Try it
Give back exactly the first lines of the entries below, through the line with "Софья и Иван. Фотограф Полина Безрядина".
------ Material shown ------
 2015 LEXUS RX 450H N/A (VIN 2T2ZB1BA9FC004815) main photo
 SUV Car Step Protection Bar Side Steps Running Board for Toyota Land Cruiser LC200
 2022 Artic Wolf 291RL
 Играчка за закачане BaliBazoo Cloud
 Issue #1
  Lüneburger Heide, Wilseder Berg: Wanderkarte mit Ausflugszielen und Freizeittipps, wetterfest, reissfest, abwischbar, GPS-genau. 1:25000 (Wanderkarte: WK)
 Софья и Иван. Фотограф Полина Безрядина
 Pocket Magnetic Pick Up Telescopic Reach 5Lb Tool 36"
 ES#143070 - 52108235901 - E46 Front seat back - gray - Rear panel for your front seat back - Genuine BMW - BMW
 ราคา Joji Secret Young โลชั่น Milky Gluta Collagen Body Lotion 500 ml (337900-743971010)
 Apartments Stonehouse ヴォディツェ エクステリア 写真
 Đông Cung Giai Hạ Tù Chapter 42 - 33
------
Solution to the problem
 2015 LEXUS RX 450H N/A (VIN 2T2ZB1BA9FC004815) main photo
 SUV Car Step Protection Bar Side Steps Running Board for Toyota Land Cruiser LC200
 2022 Artic Wolf 291RL
 Играчка за закачане BaliBazoo Cloud
 Issue #1
  Lüneburger Heide, Wilseder Berg: Wanderkarte mit Ausflugszielen und Freizeittipps, wetterfest, reissfest, abwischbar, GPS-genau. 1:25000 (Wanderkarte: WK)
 Софья и Иван. Фотограф Полина Безрядина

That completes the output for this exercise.